Real-Time Crowdsourcing of Health Data in a Low-Income country: A case study of Human Data Supply on Malaria first-line treatment policy tracking in Nigeria (by Olubayo Adekanmbi, Wuraola Fisayo Oyewusi and Ezekiel Ogundepo)

Olubayo Adekanmbi · Wuraola Oyewusi


Malaria is one of the leading causes of high morbidity and mortality in Nigeria despite various policy interventions to frontally address the menace.

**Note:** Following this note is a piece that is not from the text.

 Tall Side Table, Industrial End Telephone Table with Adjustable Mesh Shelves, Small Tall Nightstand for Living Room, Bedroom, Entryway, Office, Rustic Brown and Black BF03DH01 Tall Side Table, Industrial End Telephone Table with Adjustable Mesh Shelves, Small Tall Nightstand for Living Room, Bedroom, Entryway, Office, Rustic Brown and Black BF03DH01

While a national malaria policy agenda exists on the use of Artemisinin-based antimalarial as the first-line drug of choice for the treatment, there have been challenges in the implementation monitoring across various drug distribution layers, particularly the informal channels that dominate over eighty percent of the antimalarial drug distribution value chain. The lack of sustained policy monitoring through a structured and systematic surveillance system can encourage irrational drug usage, trigger antimalarial drug resistance, and worsen the disease burden in an economy where over ninety percent of the population live below the poverty line. We explored the use of real-time data collection through ordinary local residents, who leverages low-cost smartphones with an on-device app to run quick mystery shopping at drug outlets to check recommended malaria treatment drugs in four (4) states across the country. The instant survey data is collected via guided mystery shopping, which requires the volunteer participants to answer three basic questions after a 5 - 10 minutes in-store observation. Each submission is verified with the drug store picture and auto-generated location co-ordinates. The antimalarial policy compliance level is immediately determined and can be anonymously aggregated into a national map for onward sharing with pharmaceutical trade groups, government agencies and non-profits for immediate intervention via requisite stakeholder education. This crowd-sourcing effort provides an affordable option that can be scaled up to support healthcare surveillance and effective policy compliance tracking in developing nations, where there is a paucity of data as a result of high illiteracy and infrastructural inadequacy.